1) Deficiência do citocromo b5 reductase (cb5R) - são descritas duas formas de
deficiência do citocromo b5 reductase (cb5R): tipo I e tipo II. No tipo I há um
défice funcional da Cb5R. Ocorrem mutações que conduzem a produção de uma
enzima instável, facilmente degradada. Apesar de todas as células possuírem a
cb5R anormal só os eritrócitos maduros, anucleados, são incapazes de a
sintetizar e substituir. Esta forma de metemoglobinemia tem uma distribuição
global mas é endémica na população dos índios Navajo e nos nativos Yakutsk da
sibéria8,9. Os indivíduos homozigóticos ou heterozigotos compostos têm
concentrações de metemoglobinemianaordemdos10-35%eapesarde cianóticos são
assintomáticos. De facto a sua esperança de vida não é diferente da população
geral e a cianose tem apenas significado cosmético3,6. Pelo contrário, os
heterozigóticos correm o risco de desenvolver um quadro de metemoglobinemia
aguda sintomática, após exposição a agentes oxidantes. A descrição clássica de
metemoglobinemia aguda associada a profilaxia da malária em militares Norte-
Americanos a prestar serviço no Vietname demonstrou pela primeira vez que os
heterozigóticos para uma doença autossómica recessiva podem, em determinadas
circunstâncias, desenvolver doença clinicamente mais exuberante que os seus
pares homozigóticos10. Na deficiência do citocromo b5 reductase (cb5R) do tipo
II ocorrem mutações que resultam numa diminuição da actividade catalítica da
enzima ou num défice de produção. Para além da metemoglobinemia os doentes
apresentam atraso de desenvolvimento psicomotor. A esperança de vida é
significativamente diminuída e é comum a morte na infância. Os sintomas
neurológicos parecem dever-se a alteração do metabolismo lipídico no sistema
nervoso central, onde a cb5R parece desempenhar um papel importante11,12. Estas
formas de deficiência de cb5R distinguem-se pelos eufenótipo clínico e são
confirmadas pela análise da actividade enzimática em diferentes células. O
azul-de-metileno ou o ácido ascórbico melhoram a cianose mas não têm qualquer
efeito sobre as manifestações neurológicas.

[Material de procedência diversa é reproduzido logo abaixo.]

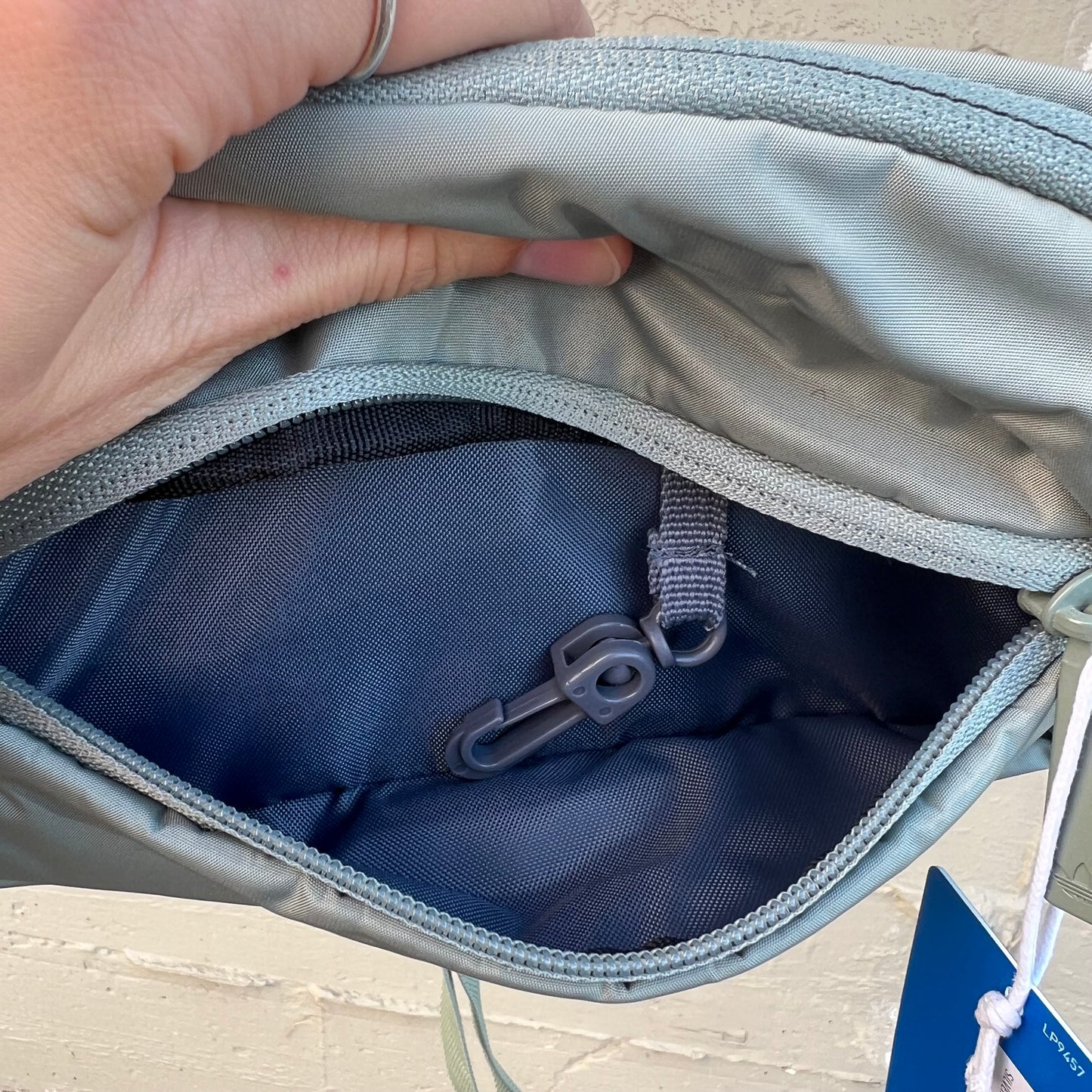 *New* Adidas Originals National Waist Pack Bag - One Size - Silver Green - B175 - #IR3680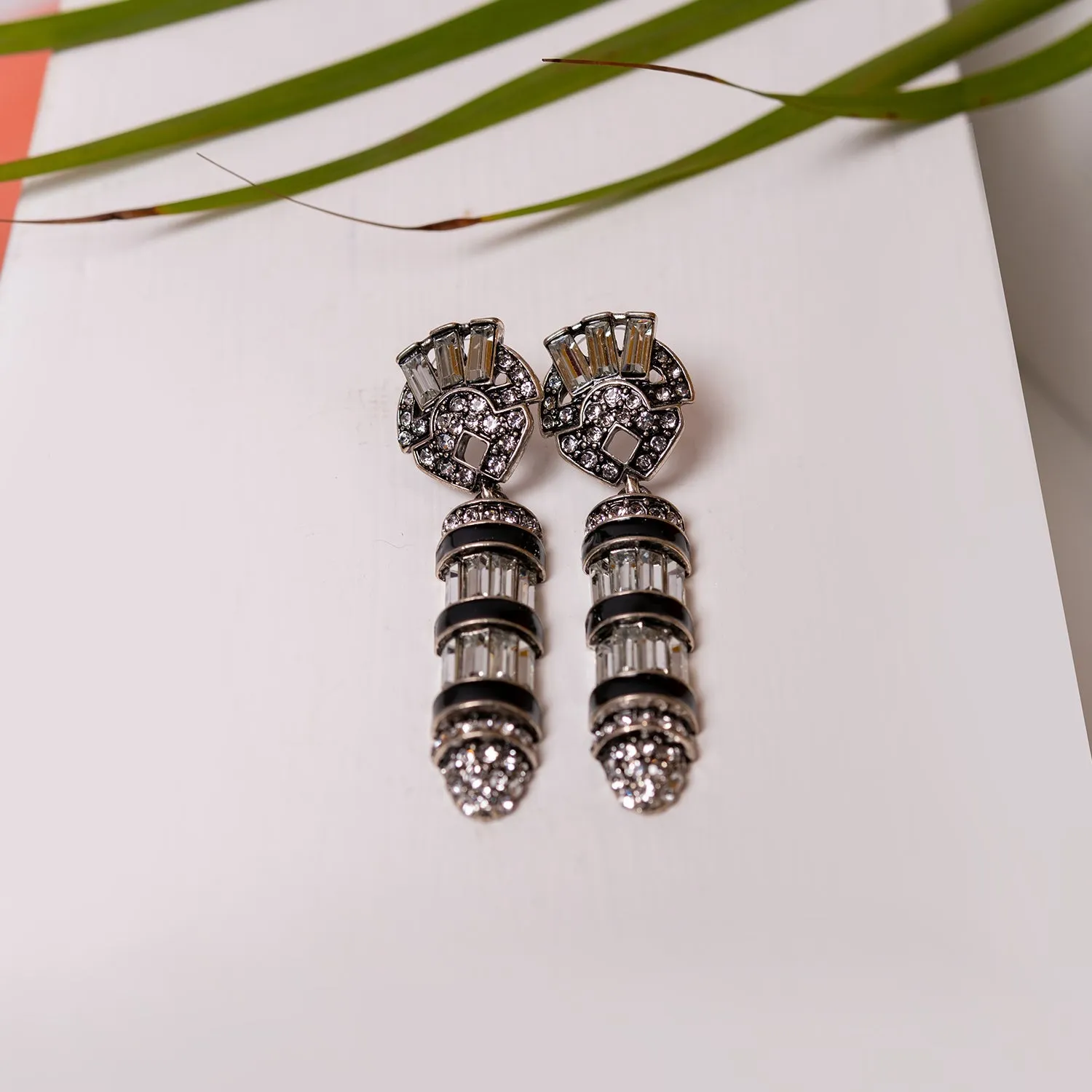 Black Trend Earrings ER-141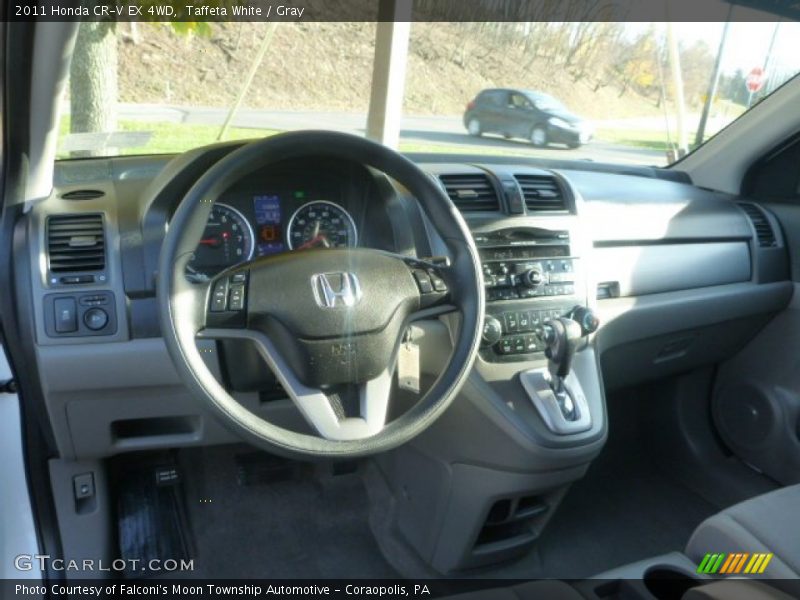 Taffeta White / Gray 2011 Honda CR-V EX 4WD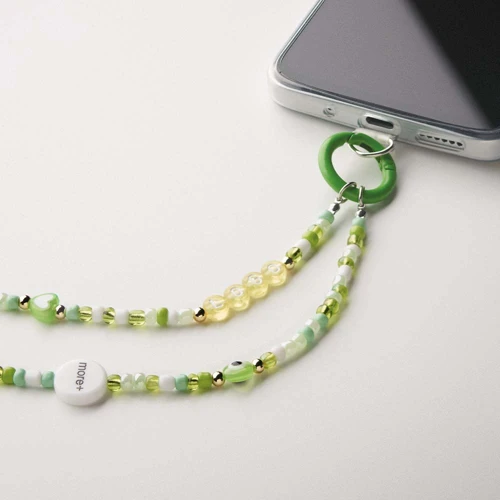 Charm telefontartó csuklópánt fém karabinerrel  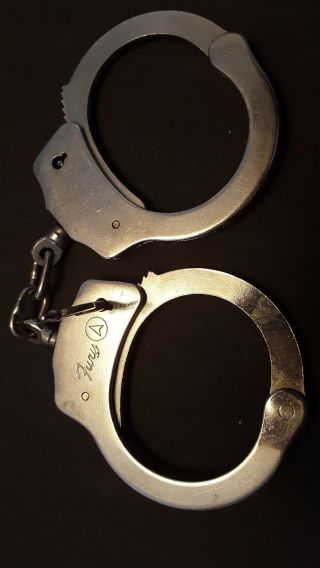 Vintage Set Of " Fury " Brand Handcuffs With Key .
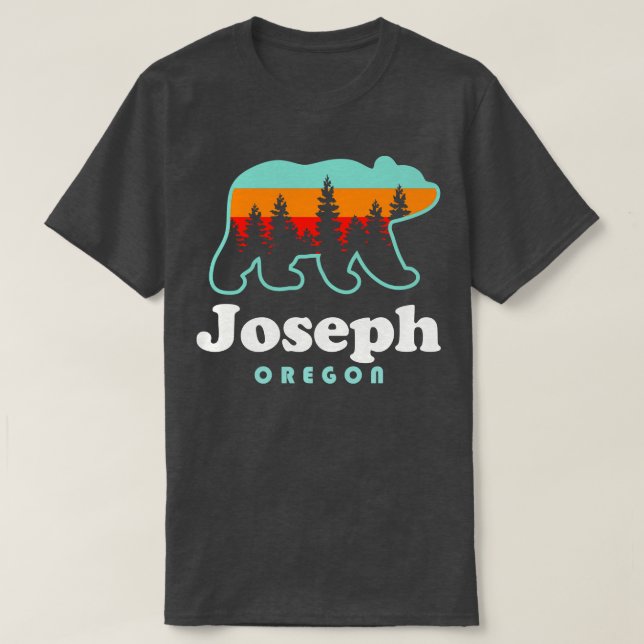 T-shirt Joseph Oregon ours de voyage (Design devant)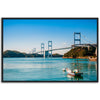 Museum-Quality Matte Paper Wooden Framed Poster - Urushima Kaikyo Bridge cross over Seto inland sea. Ehime - Japan - Green Forest Home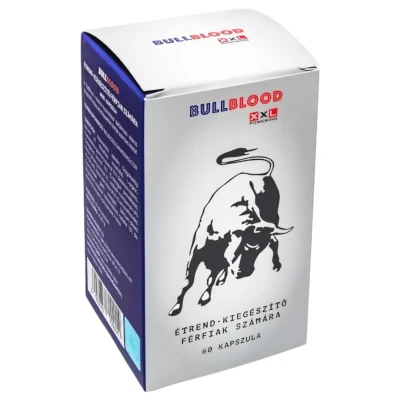BullBlood - étrend-kiegészítő kapszula férfiaknak (60 db)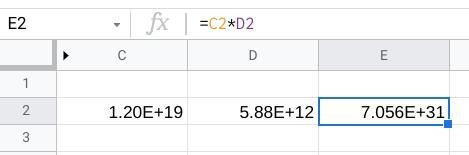 1.2 x 10^19 x 5.88 x 10^12 This is scientific Notation I need this urgent please give-example-1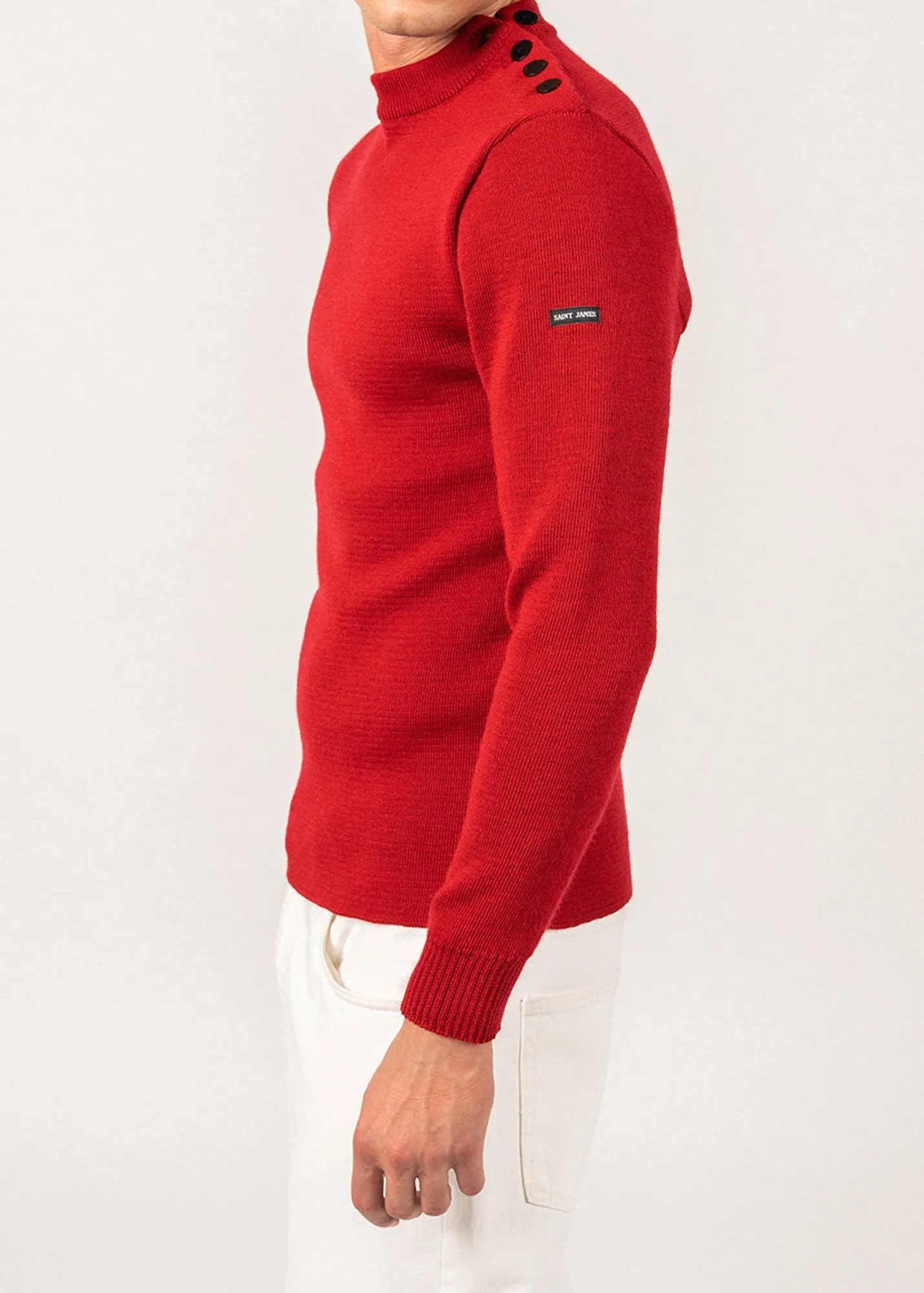 Pull marin uni Matelot - coupe ajuste (MEDOC)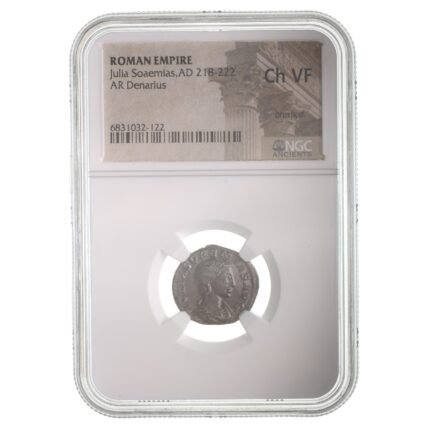 Julia Soaemias Denarius NGC Certified Slab(CH-VF)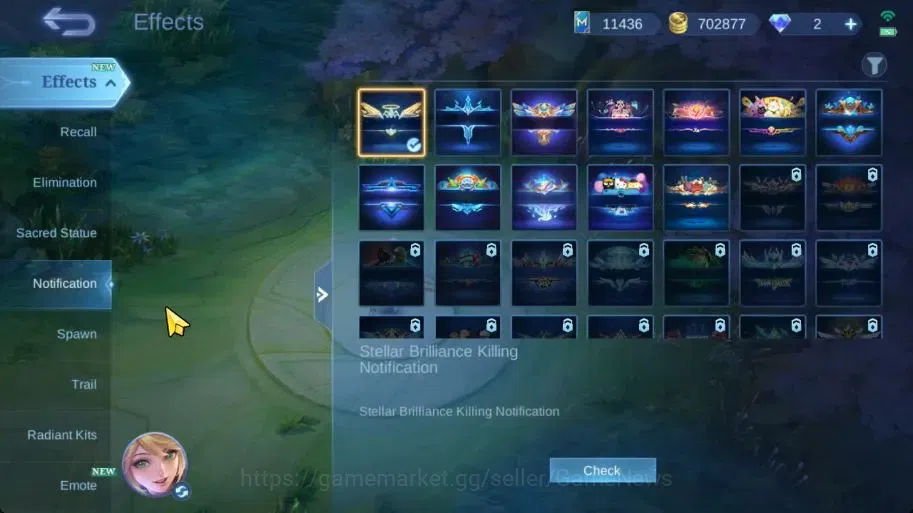 Mobile Legends: Bang Bang Accounts Collector Hero 133|Skin 332|Highest Glory 99|Karina KOF,Floryn 20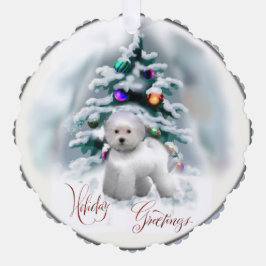 Bichon Frise Christmas Geschenke Ornament Karte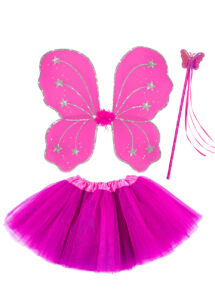 ailes de fée, déguisement fée enfant, tutu rose, ailes roses de fée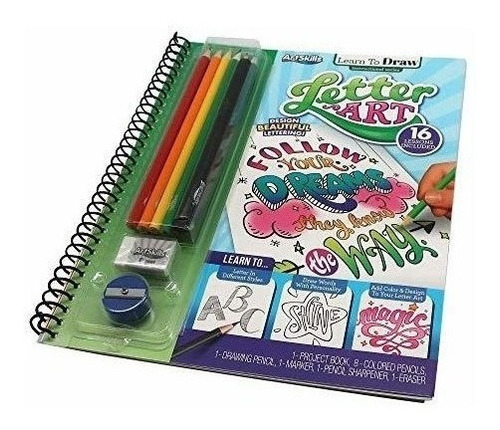 Kit De Dibujo Libreta Con Dibujo Y Lápices Para Colorear 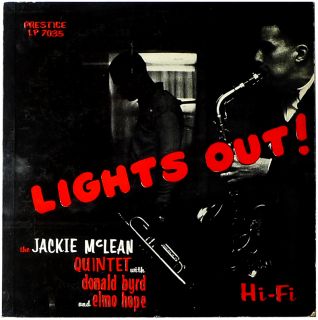 Jackie McLean Lights Out Prestige LP 7035 Orig Mono D G Nice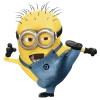 Стикер 22 Набор эмоджи по мульту «Minions Миньоны»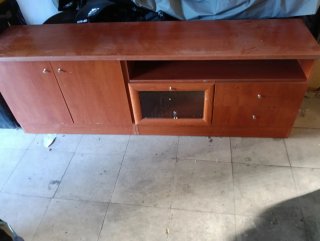 Mueble de salón y dormitorio madera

2) A deficiência do citocromo b5 é uma causa extremamente rara de
metemoglobinemia congénita, descrita apenas em um doente Israelita13.
3) A Doença da Hemoglobina m engloba um grupo variado de mutações nas cadeias
de globina. Na prática todas elas provocam uma alteração na conformação
espacial do local de ligação ao grupo heme, conduzindo à oxidação espontânea do
ferro. As diferentes variantes podem distinguir-se por eletroforese,
espectrometria de massa, espectro de absorção ultravioleta e sequenciação
molecular. Actualmente não existe tratamento eficaz para estes distúrbios1.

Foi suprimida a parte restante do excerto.